Lines that contain "this" are to be copied from the material, every one of them.

**Record set**
<<<<
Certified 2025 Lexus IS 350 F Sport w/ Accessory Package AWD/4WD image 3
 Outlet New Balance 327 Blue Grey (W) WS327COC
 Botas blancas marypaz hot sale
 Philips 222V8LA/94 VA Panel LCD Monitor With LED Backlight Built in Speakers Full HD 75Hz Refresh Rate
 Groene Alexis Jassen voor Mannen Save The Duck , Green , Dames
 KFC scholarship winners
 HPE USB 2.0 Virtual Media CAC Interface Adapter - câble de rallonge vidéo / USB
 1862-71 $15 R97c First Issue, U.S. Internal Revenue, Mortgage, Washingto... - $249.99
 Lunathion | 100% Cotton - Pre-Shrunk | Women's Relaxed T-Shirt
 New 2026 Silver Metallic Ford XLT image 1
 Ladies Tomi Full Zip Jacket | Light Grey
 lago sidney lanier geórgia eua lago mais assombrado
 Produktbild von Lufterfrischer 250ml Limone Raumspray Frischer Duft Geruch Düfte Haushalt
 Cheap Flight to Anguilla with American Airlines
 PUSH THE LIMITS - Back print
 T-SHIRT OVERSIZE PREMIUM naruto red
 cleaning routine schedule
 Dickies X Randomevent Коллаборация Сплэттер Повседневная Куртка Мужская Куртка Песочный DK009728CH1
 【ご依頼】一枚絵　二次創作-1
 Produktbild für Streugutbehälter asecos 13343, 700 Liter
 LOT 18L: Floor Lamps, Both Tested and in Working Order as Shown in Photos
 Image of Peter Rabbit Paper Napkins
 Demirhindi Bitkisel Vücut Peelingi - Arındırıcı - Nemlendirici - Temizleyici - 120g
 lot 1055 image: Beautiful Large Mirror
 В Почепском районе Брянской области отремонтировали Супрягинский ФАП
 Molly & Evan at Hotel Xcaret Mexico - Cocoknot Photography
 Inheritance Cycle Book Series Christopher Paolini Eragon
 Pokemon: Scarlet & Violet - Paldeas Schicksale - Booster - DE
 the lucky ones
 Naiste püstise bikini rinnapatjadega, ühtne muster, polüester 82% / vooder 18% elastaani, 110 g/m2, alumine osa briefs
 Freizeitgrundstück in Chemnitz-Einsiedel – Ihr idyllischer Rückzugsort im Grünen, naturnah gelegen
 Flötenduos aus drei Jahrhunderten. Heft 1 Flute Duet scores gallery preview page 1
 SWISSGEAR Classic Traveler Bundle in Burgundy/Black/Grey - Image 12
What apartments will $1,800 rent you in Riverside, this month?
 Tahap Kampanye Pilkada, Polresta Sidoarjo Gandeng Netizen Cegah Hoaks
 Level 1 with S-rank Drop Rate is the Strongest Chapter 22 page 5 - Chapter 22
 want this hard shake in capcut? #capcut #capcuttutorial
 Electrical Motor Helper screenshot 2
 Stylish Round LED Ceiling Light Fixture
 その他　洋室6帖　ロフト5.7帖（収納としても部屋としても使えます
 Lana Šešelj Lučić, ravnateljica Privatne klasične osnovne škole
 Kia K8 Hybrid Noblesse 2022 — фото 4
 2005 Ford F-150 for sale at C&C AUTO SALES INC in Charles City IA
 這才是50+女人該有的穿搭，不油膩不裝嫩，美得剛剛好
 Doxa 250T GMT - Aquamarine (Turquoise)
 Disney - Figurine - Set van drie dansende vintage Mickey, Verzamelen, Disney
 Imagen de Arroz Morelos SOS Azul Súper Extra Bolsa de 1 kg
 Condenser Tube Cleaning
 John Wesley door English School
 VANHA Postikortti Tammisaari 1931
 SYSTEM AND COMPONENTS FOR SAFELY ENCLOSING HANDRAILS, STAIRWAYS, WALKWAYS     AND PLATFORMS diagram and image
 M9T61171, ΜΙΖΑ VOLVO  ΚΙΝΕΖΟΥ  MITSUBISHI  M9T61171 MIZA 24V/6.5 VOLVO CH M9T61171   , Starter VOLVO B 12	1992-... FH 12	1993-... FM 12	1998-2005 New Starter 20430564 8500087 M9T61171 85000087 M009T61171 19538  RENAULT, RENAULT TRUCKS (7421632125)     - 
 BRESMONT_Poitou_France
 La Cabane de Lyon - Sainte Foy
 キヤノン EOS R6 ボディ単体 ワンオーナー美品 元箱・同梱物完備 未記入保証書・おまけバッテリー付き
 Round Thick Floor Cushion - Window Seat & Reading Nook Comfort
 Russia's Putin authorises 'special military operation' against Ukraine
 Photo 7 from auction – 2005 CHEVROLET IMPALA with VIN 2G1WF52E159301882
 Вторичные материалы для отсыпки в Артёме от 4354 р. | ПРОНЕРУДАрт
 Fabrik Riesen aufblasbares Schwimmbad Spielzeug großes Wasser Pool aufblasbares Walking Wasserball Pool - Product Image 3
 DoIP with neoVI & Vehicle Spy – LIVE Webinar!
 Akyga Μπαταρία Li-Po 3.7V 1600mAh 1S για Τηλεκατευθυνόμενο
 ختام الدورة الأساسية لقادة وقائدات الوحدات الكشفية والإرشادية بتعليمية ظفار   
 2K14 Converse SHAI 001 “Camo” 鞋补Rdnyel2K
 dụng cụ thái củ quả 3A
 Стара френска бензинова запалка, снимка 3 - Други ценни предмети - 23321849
>>>>
**Answer for the task**
What apartments will $1,800 rent you in Riverside, this month?
 want this hard shake in capcut? #capcut #capcuttutorial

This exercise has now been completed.